Separation of authoritative and recursive functions
Kevin Darcy
kcd at daimlerchrysler.com
Thu Jul 7 21:28:15 UTC 2005
Brad Knowles wrote:
>At 9:08 PM -0400 2005-07-05, Kevin Darcy wrote:
>
>
>
>> As for the relative merits of separating the functions by view,
>> listen-address or physical server(s) (irrespective of the
>> one-program-or-two issue), opinions differ widely on that, and each
>> admin/architect needs to decide for himself/herself, based on their
>> specific security/availability/performance requirements,
>> fiscal/facility/address-space constraints, support infrastructure, etc.
>>
>>
>
> One advantage to using separate machines, or at least separate
>instances of BIND, is that if there is a leak inside the code, you
>could potentially wind up with a situation where one view is somehow
>poisoned by data from another view. Separate instances of BIND or
>separate machines will guarantee that doesn't happen.
>
With all due respect, that's kind of a FUD argument, isn't it? I mean,
has there ever been a serious "view leakage" problem with BIND 9? If
there was, I certainly don't remember it. Sounds like you're describing
a purely theoretical possibility.
In any case, if "view leakage" is the specific vulnerability to be
protected against, one can always go the "middle road" and run separate
nameserver instances on separate interfaces of the same box(es). That's
still less drastic than devoting different boxes or sets of boxes to the
different functions.
Let's not forget that installing, configuring and maintaining separate
boxes brings with it its own set of security challenges: that's more
boxes to keep patched up to date, more boxes to write firewall rules
for, more complexity on one's network, etc. Simply put: more chances to
screw something up and create a vulnerability. Aren't most
vulnerabilities caused by misconfigurations as opposed to bad code?

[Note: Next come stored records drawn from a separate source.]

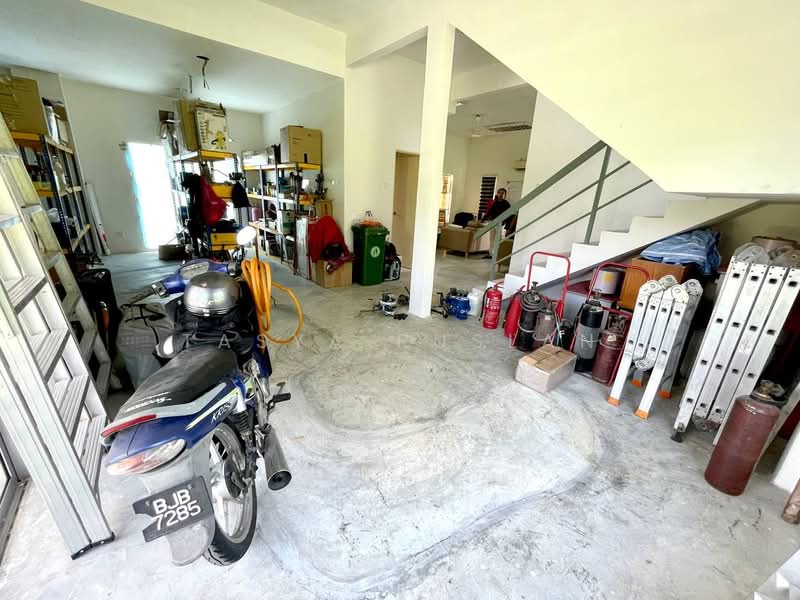 Bungalow for Sale in Mahkota Hills (Lenggeng) - Tasya Ruslan - Interior - PropertyGuru.com.my
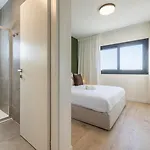 Sunset Gardens דירה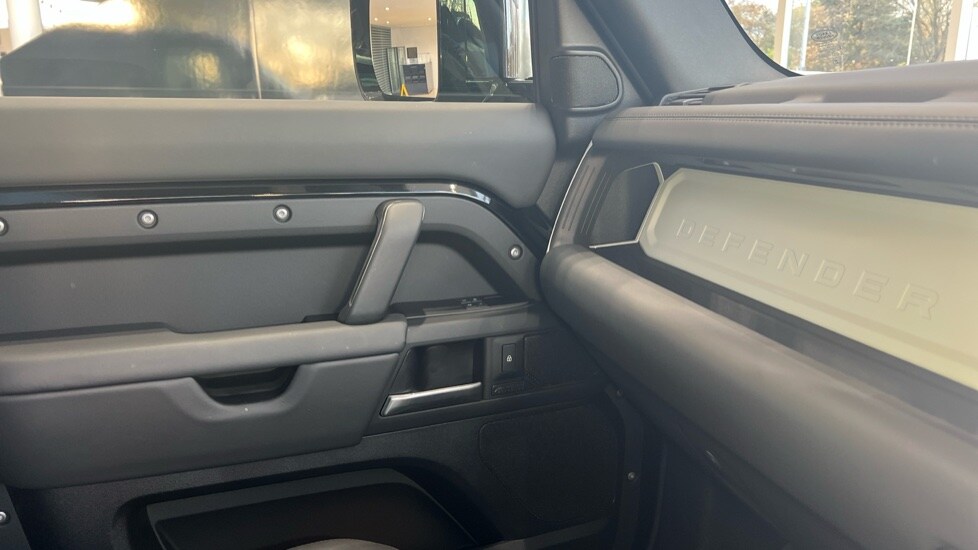 Used Land Rover Defender 2025 for sale - 76384340: Photo 34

I still say there is no one simple answer that works for all
organizations. There are a number of factors that need to be considered
and traded off from one another. In our case, for instance, we have
multiple levels of security, so even in the worst case if someone were
to break into one or our Internet-facing nameservers, they still
wouldn't be able to access any of our internal DNS information. Sure,
they'd be able to DoS us, vandalize/corrupt our zone data, give false
answers to our lookups, etc., which is certainly bad, but at least our
internal data is hidden from their sight, so that's one less thing we
need to protect against, except in the general ways that we protect
against *all* forms of unauthorized access to our resources. Given this,
I have no problem running authoritative-nameserver and
iterative-resolver functions as separate views within the same
nameserver instances on those boxes.